Required action: Line by line, repeat the material below exactly and leave the images out.

Collected data:
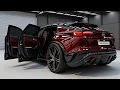 Download Lagu 10 Beste SUV's die u in 2025-2026 moet bezitten!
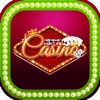 The Amazing Wager Casino Paradise - Spin & Win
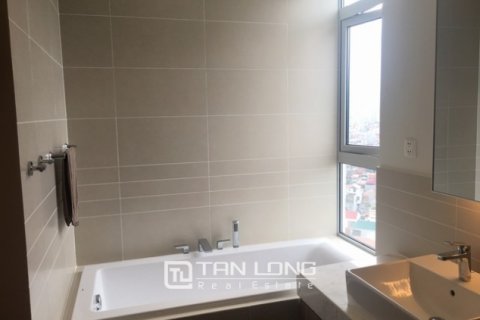 2 bedrooms Apartment in Tay Ho, Ha Noi, No. 3676 10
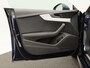 Audi A5 Sportback 35 TFSi 150 Pk Automaat S-line | Adapative Cruise | Climate Control | Stoelverwarming | Navigatie | Camera | 18 inch | 87.482 Km!!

Solution to the problem:
 Download Lagu 10 Beste SUV's die u in 2025-2026 moet bezitten!
 The Amazing Wager Casino Paradise - Spin & Win
 2 bedrooms Apartment in Tay Ho, Ha Noi, No. 3676 10
 Audi A5 Sportback 35 TFSi 150 Pk Automaat S-line | Adapative Cruise | Climate Control | Stoelverwarming | Navigatie | Camera | 18 inch | 87.482 Km!!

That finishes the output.